Schwermetalle) sowie die jährlichen Schmutzwassermengen der Werke Hattorf,
Wintershall und Neuhof (2021: 4,95 Mio. m³/a, 2022- 2027: 4,38 Mio. m³/a).
Die
Salzabwässer sollen über drei vorhandene Stellen in die Werra eingeleitet werden
(Philippsthal und Heringen).
Die
an der Werra und Weser liegenden Gemeinden und Landkreise sowie weitere Träger
öffentlicher Belange haben vom RP Kassel mit Verlängerung bis zum 15.09.2020
die Gelegenheit zur Abgabe einer Stellungnahme erhalten.
Der
Landkreis Nienburg/Weser war in den beiden vergangenen Jahrzehnten regelmäßig
in Verfahren des RP Kassel zur Erteilungen von bergrechtlichen Betriebsplänen
und wasserrechtlichen Erlaubnissen beteiligt gewesen.

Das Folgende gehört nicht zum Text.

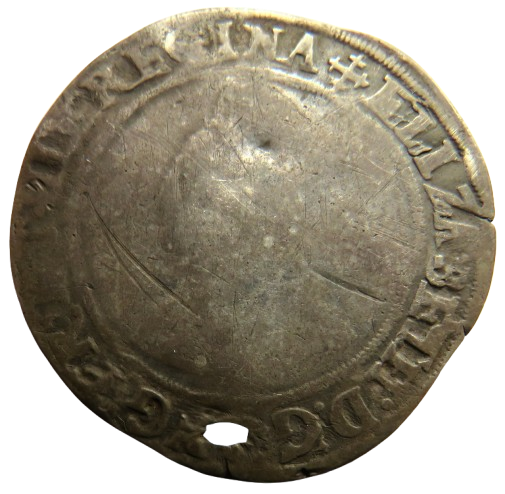 1560-1 Elizabeth I Hammered Silver Shilling Coin MM - Cross Crosslet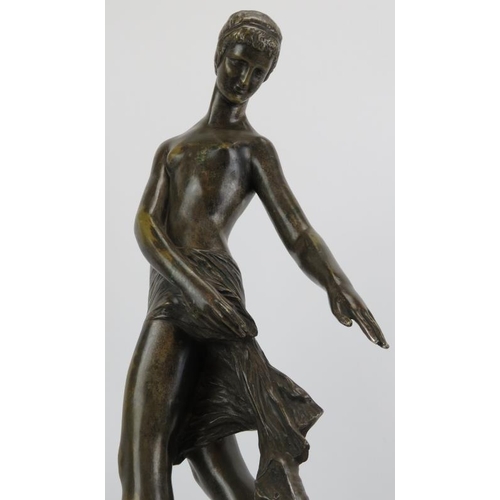 83 - A large Neoclassical bronze and marble sculpture of a Grecian female with ball. The figure cast in b...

Bereits im März 2007
hatte sich der Kreistag in einer Resolution gegen den Bau einer Pipeline zur
Ableitung von Haldenabwässern aus Neuhof-Ellers ausgesprochen. 2010 schloss
sich der Landkreis einer Resolution des Weserbundes an, die u. a. den Bau einer
Fernleitung für unvermeidbares Salzabwasser zur Nordsee sowie die Halbierung
der Einleitmengen in die Werra bis 2015 zum Inhalt hatte.
In
Folge hatte sich K+S über ein 360 Mio. € Bauprogramm vertraglich verpflichtet
die Salzabwassermengen von 14,0 Mio. auf 7,0 Mio. m³/a zu verringern und dieses
Ziel bis heute auch erreicht. Die Durchführung eines Raumordnungsverfahrens zum
Bau einer Fernleitung für unvermeidbare Abwässer in die Nordsee war jedoch aus
Sicht des Umweltschutzes, vorgetragen u. a. durch das Land Niedersachsen,
gescheitert.
Ziel
ist weiterhin, an den Standorten der K+S technisch alle verfügbaren Verfahren
zur Behandlung und damit Verringerung der Produktionsabwässer sowie zur Vermeidung,
z. B. durch die Abdeckung der Rückstandshalden, umzusetzen.
Parallel
zum Bau der Nordseefernleitung überlegte Pläne zum Bau einer Oberweserpipeline,
um nicht vermeidbare Salzabwässer nach dem Zusammenfluss von Werra und Fulda in
die Weser zu verdünnen, waren aus vergleichbaren Gründen nicht umsetzbar. Der
Landkreis Nienburg hatte sich im Mai 2013 auch hier der ablehnenden Haltung des
Weserbund e. V. angeschlossen.
Ein
durch die EU 2012 gegen die Bundesrepublik Deutschland eingeleitetes Vertragsverletzungsverfahren,
in dem der Verstoß gegen das Verschlechterungsverbot der Wasserrahmenrichtlinie
geahndet werden sollte, kann nur abgewendet werden, wenn spätestens bis 2027
das gute ökologische Potential an Werra und Weser erreicht wird. Hierfür hat
die Flussgebietsgemeinschaft Weser (FGG Weser) in einem Bewirtschaftungsplan
Salz 2016 Zielwerte vorgegeben, die die K+S bis zum Ende der 3.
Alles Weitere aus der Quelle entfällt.